Given the entries that follow, write out exactly the lines starting at the one containing "Custom Afro-St Kitts" and ending at the one containing "Rain or Shine: 4pcs", both ends included, and only those.

TASK DATA =>
☆ ☆ ☆ ☆ ☆ ☆ ☆
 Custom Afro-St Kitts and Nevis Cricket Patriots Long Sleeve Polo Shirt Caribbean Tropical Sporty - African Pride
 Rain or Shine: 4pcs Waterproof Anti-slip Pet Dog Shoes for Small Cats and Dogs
☆ ☆ ☆ ☆ ☆ ☆ ☆
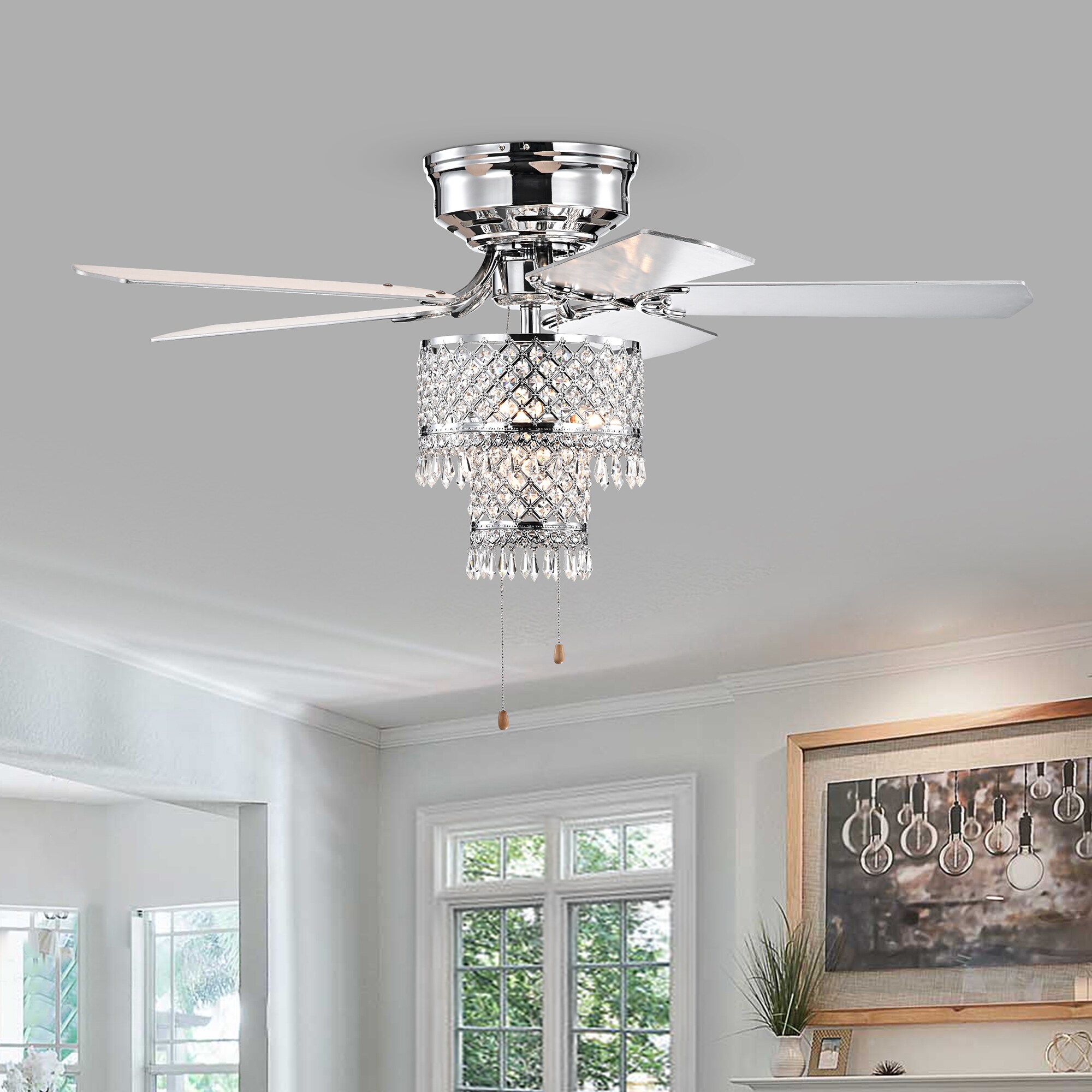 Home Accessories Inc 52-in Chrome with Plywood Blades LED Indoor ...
☆ ☆ ☆ ☆ ☆ ☆ ☆
YOUR SOLUTION =>
 Custom Afro-St Kitts and Nevis Cricket Patriots Long Sleeve Polo Shirt Caribbean Tropical Sporty - African Pride
 Rain or Shine: 4pcs Waterproof Anti-slip Pet Dog Shoes for Small Cats and Dogs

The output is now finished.